There was lots of food for all the people, and the Bears got to visit some more and make some very nice friends. People started saying good-bye and leaving this home, and most remembered to say good-bye to the Bears, which made them feel very special and happy. The evening got quiet, and the people who stayed behind talked in quieter voices, as if of times past.
A. Bear didn’t know much about times past, but he did remember being born in a gift shop in Atlanta, so he knew about distances. He watched the people talk, and he saw that they must have been friends for a long time.
They said that the one who owned the house, the one with the twinkley eyes, once drove himself to the hospital. A.Bear knew this was a place where they re-stuffed people, just like where T. Bear was born, and he wondered if maybe all Bears were born in gift shops. Most of the Bears didn’t even know where they were born, but T. Bear was always so happy, A. Bear decided he couldn’t see how T. Bear and C. Bear could possibly be related.
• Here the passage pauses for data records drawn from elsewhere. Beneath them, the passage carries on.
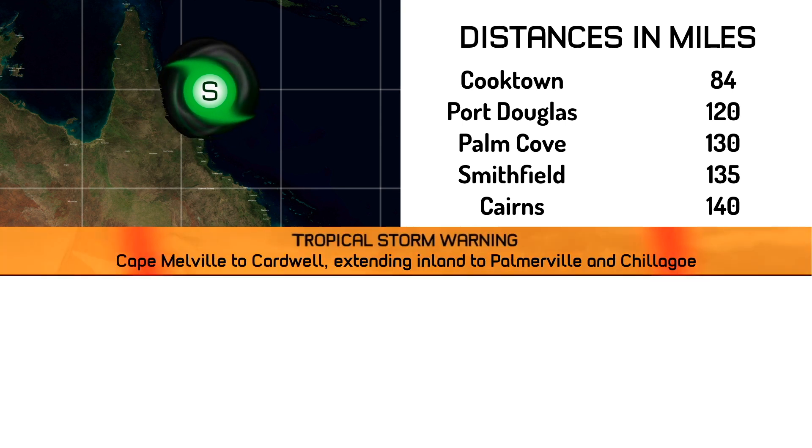Right now the storm is located 84 miles away from Cooktown, 120 from Port Douglas, 130 from Palm Cove, 135 from Smithfield, and 140 from Cairns — all of those along the east coast of the Cape York Peninsula of Australia.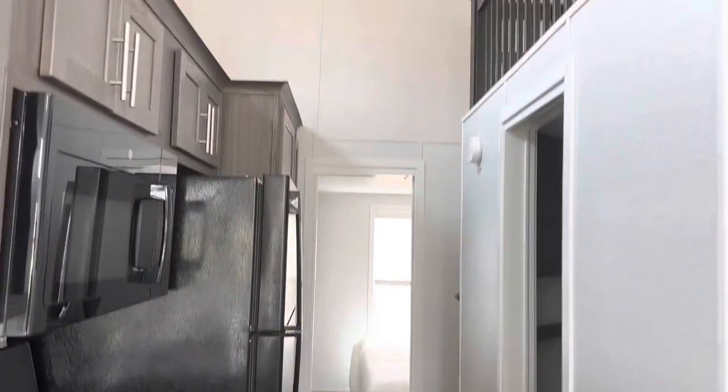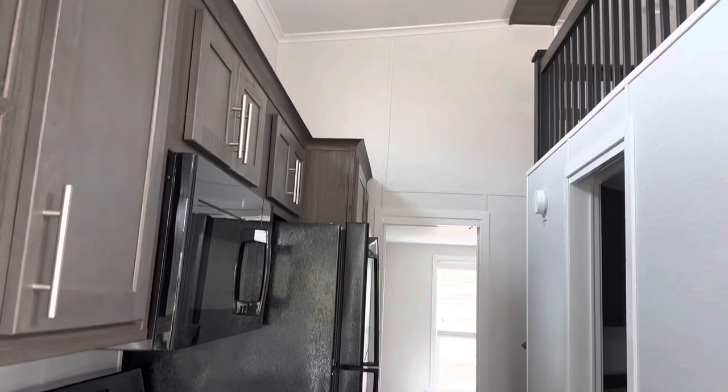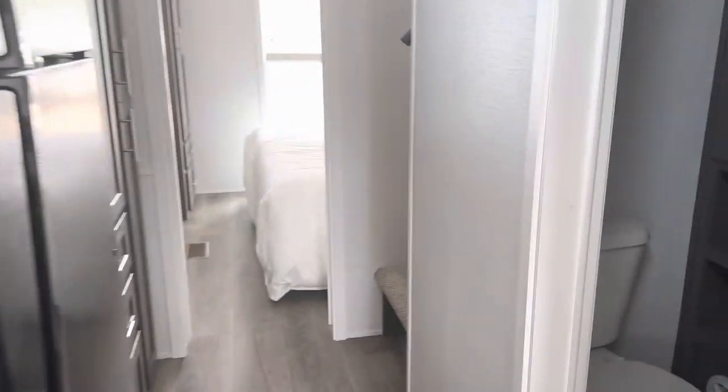The loft on this model does not cross the hall here, giving it that open feel.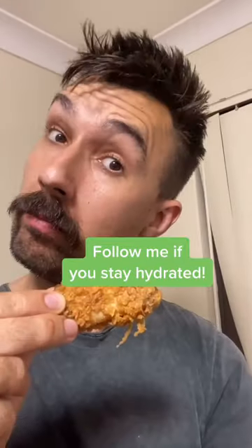Which chicken wing place should I try next in Perth? Message me on Instagram for your suggestions. Follow me if you stay hydrated.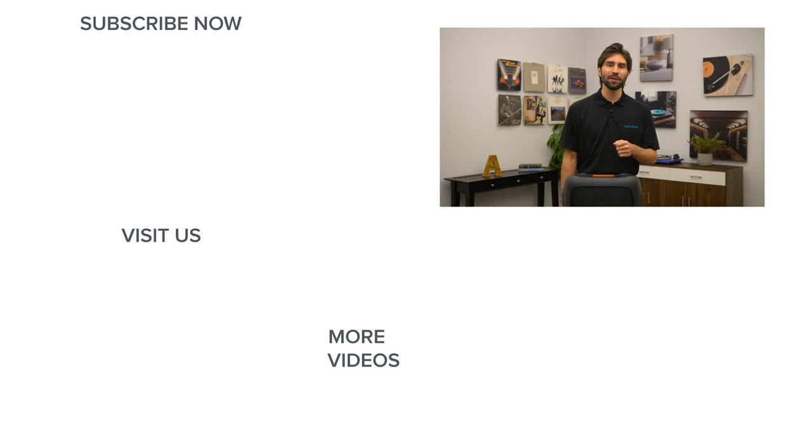Thanks for watching. If you've enjoyed this video, be sure to give it a like and subscribe to our channel so you never miss out on the latest home audio and home theater content. We'll see you guys next time.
A. Bear looked at the people talking, and he looked at the other Bears, and then he looked at the river. Just now they all seemed to be almost the same thing to him, always the same but always changing, always going somewhere, always part of everything. This confused A. Bear very much, until he thought he saw that a part of us is always a part of everything. He squinted and peered at the river, as if it was the river which had put this idea into his head. A. Bear couldn’t hold on to all these pictures at once, and they went away again. This made him very happy nonetheless, because he thought he had seen how the river is our friend, just like the People and the other Bears.
Soon everyone was saying good-bye to the Bears, who waved and went back into the Bear Bag. A. Bear was not sure he should tell the other Bears what the river had told him, so he just gave them all a big hug and they danced and giggled inside the Bear Bag until the car started and they were on the long way home.
On the way, it started to get dark, but when they got back to the smelly place, the People saw some cows on the hillside, and remembered to take C. Bear out of the bag so he could see where cow smells come from. And there were indeed more cows than a Bear could count. Then, the Bears might have dozed off for a while, for before you could count “two!”, they were at home in time to watch the last half of Wonder Woman. During station breaks, A. Bear squinted at the ceiling, and imagined that he really could still see the river if he tried. A. Bear fell asleep smiling, because he finally saw that the river would be a part of him always, which meant we are all also part of the river, and it doesn’t matter where Bears are really born.